• _Provided material_:

= Beginning of Section =

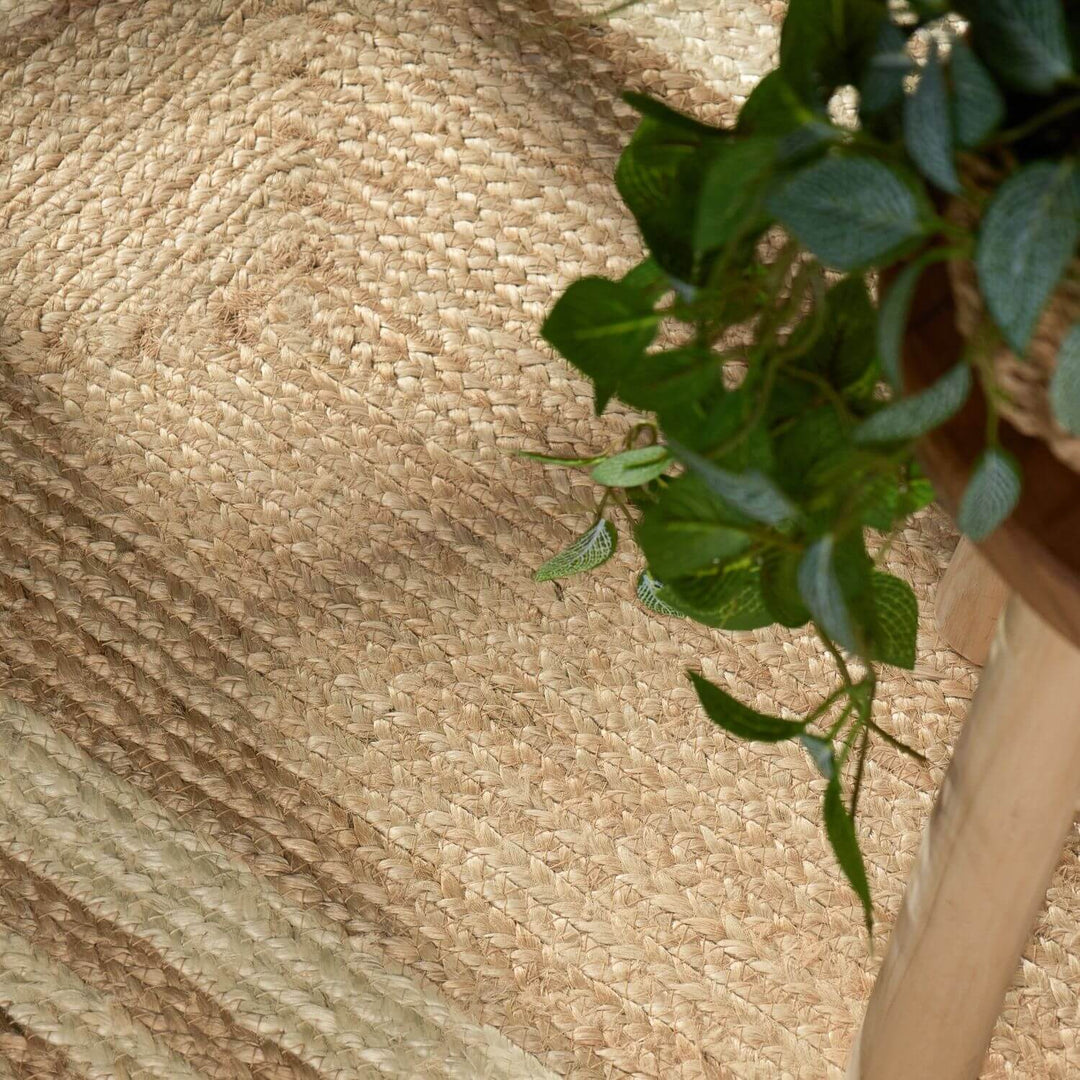 Close-up of a woven mat with a plant on top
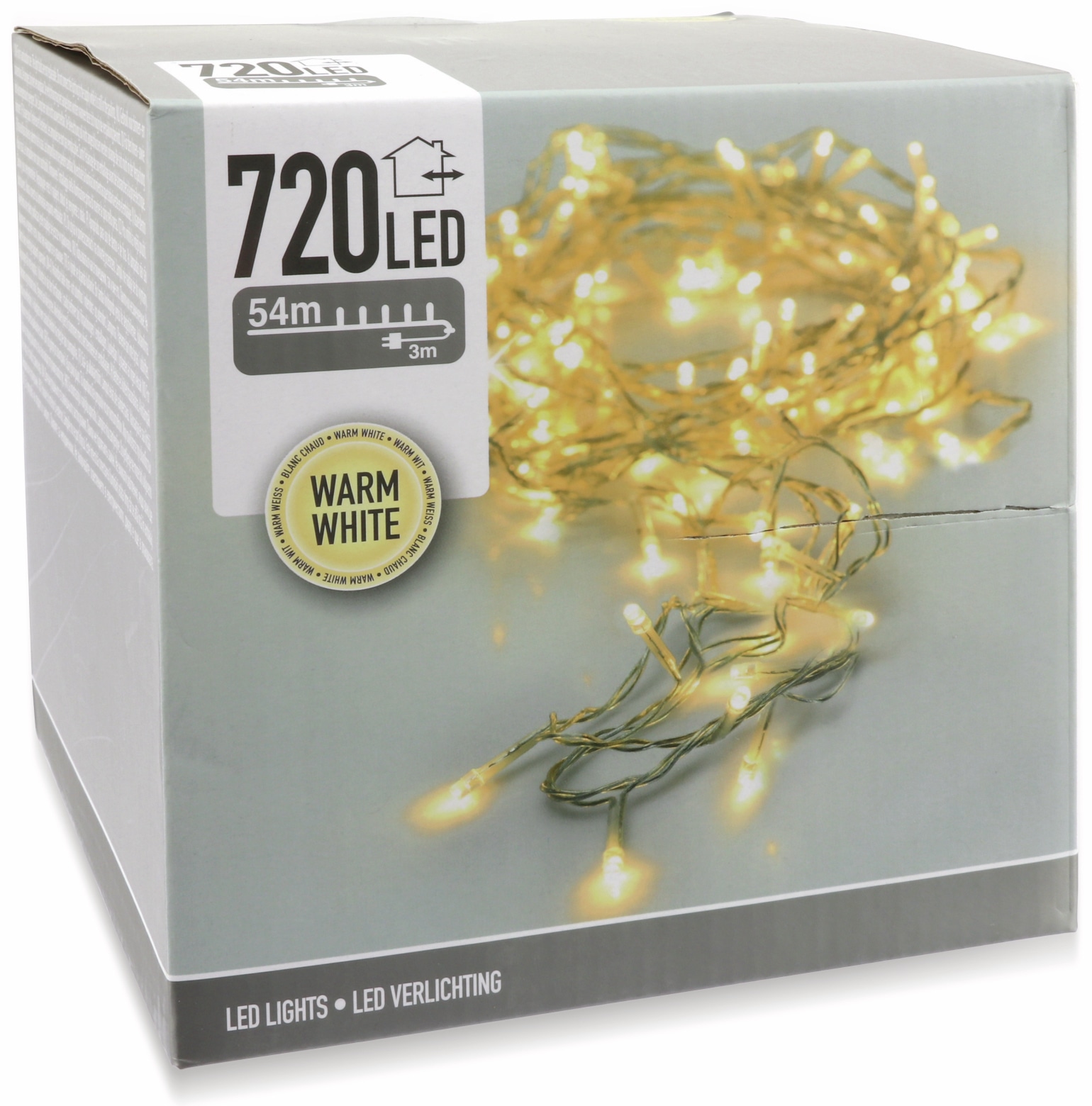 LED-Lichterkette, 720 LEDs, warmweiß, 230 V~, transparent, Innen/Außen, 57 m LED-Lichterkette, 720 LEDs, warmweiß, 230V~, IP44, Innen/Außen, silber/transparent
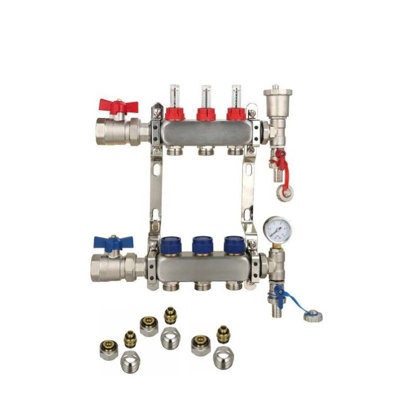 3 Ports Stainless Steel UFH Manifold with 15mm Pipe Connections, 1 inch Ball Valves, Automatic Air Vent & Pressure Gauge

= End of Section =

• _What you are asked to do_:
Omit the images; transcribe the listing verbatim.

• _Result of this task_:
 Close-up of a woven mat with a plant on top
 LED-Lichterkette, 720 LEDs, warmweiß, 230 V~, transparent, Innen/Außen, 57 m LED-Lichterkette, 720 LEDs, warmweiß, 230V~, IP44, Innen/Außen, silber/transparent
 3 Ports Stainless Steel UFH Manifold with 15mm Pipe Connections, 1 inch Ball Valves, Automatic Air Vent & Pressure Gauge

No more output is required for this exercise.